— PROBLEM —
An exact repetition of the data is required; no picture should appear in it.

Stored items

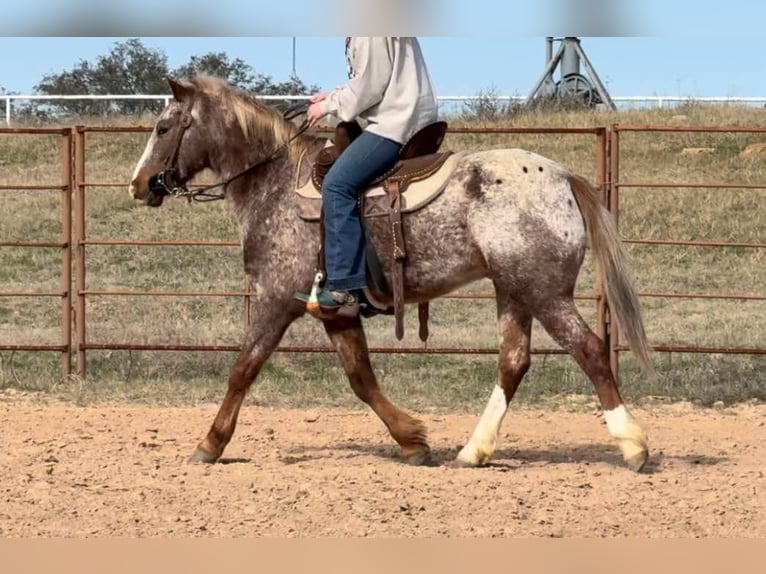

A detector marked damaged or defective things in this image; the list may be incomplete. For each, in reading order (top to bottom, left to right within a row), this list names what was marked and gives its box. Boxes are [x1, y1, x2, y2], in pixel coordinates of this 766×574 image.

rusty pipe fence rail [0, 128, 72, 378]
rusty pipe fence rail [70, 124, 612, 380]
rusty pipe fence rail [4, 124, 760, 384]
rusty pipe fence rail [608, 124, 766, 380]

— EXERCISE RESULT —
A detector marked damaged or defective things in this image; the list may be incomplete. For each, in reading order (top to bottom, left to right within a row), this list names what was marked and gives its box. Boxes are [x1, y1, x2, y2], in pixel coordinates of this 766×574 image.

rusty pipe fence rail [0, 128, 72, 378]
rusty pipe fence rail [70, 124, 612, 380]
rusty pipe fence rail [4, 124, 760, 384]
rusty pipe fence rail [608, 124, 766, 380]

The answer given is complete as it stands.